Selain apa yang diajukan di atas, masih panjang jalan yang harus kita
tempuh.
Uraian diatas menjelaskan betapa pentingnya
membentuk akhlak dan budi pekerti peserta didik baik didalam lingkungan sekolah
maupun lingkungan masyarakat. Akhlak merupakan identitas seseorang baik atau
turuknya seseorang ditentukan oleh akhlak seseorang tersebut.

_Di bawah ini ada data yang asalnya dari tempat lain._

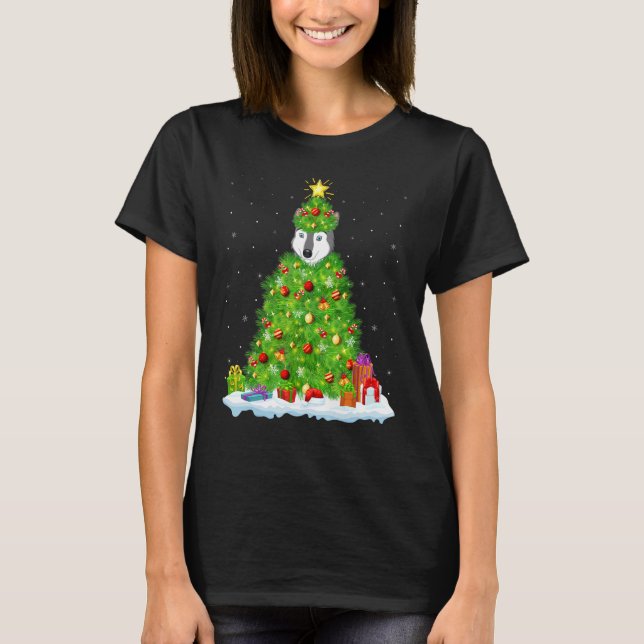 Xmas Decorations Lights Santa Wolf Christmas Tree T-Shirt (Front)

1. Tujuan Penulisan : Adanya penulisan ini diharapkan dapat
menyadarkan kita kembali dimana akhlak merupakan tombak hidup yang sangat
penting dalam menjalani aktivitas
sehari-hari, yang akan menentukan identitas seseorang, baik itu pendidik maupun
peserta didik. Semoga bisa menjadi renungan untuk memperbaiki cara mendidik
anak dengan baik, dan mengevaluasi pembelajaran yang telah selesai.
2. Kelebihan :
Memiliki muatan yang luas dan padat sehingga dapat menjadi masukan bagi
pendidik untuk mengubah cara mendidik akhlak anak, terlebih lagi didalamnya
terkandung makna yang dalam yang dapat memotivasi bagi pembacanya.
3.
Kekuatan : Memiliki jangkauan yang sangat
luas.
4. Kekurangan : Tidak adanya abstrak dan
dalil-dalil penguat tulisan ini berhubung tulisan ini mengenai tentang akhlak
dan budi pekerti hendaknya dimasukkan dalil Al-Quran dan hadits.